In Tamil Nadu we are doing three things:

• We are trying our best to substitute technology and automated systems as far as possible. All government services – it is my stated intent in the assembly – will go one of two ways. For the majority I want it done online. Remove all rent seeking, remove all need for travel and remove all barriers to access. For those that cannot, we will deliver this service to their house. Surely there will those who are too old, don’t know how to access technology and do not have anyone to help them. We will deliver the service to their house using our own data

• The second way we can improve this is to change the law. We were the first state; it took us one year of waiting for the vetting by the governor, the home minister, the president and finally after the new president has come we have got signed into law a bill we passed 12 or 13 months ago, which says the British-era law which states that if a document is registered stating somebody as the owner, it cannot be reversed by the government even if it’s prima facie, fake or false or fraud, it has to go to court. You know what happens if it goes to court. We changed the law.

We said if it is prima facie fraud, if somebody has registered temple land in someone else’s name, or government land or clearly some other owners, then the registration inspector general has the right to cancel that, subject to every single time there is such a cancellation there must be a criminal prosecution of a government employee who made that registration. So, we have a check and a balance.
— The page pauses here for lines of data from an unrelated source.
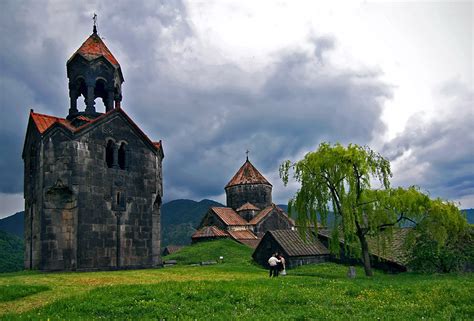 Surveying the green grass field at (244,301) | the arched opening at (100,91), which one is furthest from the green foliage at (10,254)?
the green grass field at (244,301)

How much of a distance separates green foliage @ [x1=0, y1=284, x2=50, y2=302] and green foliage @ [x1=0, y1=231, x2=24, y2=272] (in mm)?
29971

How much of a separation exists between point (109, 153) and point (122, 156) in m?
0.90

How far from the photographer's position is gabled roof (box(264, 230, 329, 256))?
109ft

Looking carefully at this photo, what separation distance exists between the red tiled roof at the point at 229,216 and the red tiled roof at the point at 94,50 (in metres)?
27.9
This law we drafted and put it to legislative assembly within few months of coming to office. It has taken us 13 months to get it approved by the Union. So, we can change the laws to improve the incentive alignment or to change the practice.

• Third, in the Tamil Nadu Government we have undertaken a complete top to bottom review. We will set up a committee to re-look at all aspects from hiring to training to placement, vigilance and anti-corruption, to RTI [right to information], all of which falls under the HR ministry. We’re about to announce the composition of that committee right now

Ten

In total, what I would like to say is that if we do all of these things, we can return to the politics of hope and prospects, as opposed to the politics of threats and fear mongering and zero-sum othering that we see today. Engendering hope is a much harder task than stroking fears. But a government or a representative that consistently delivers, that does a public mark-to-market can help build credibility and faith in the system.

It is hard, but doable.

P Thiaga Rajan is the finance minister of Tamil Nadu.

The Anil Dharker Literature Live Independence Lecture was held on August 25 at The Experimental Theatre, National Centre for Performing Arts, Mumbai.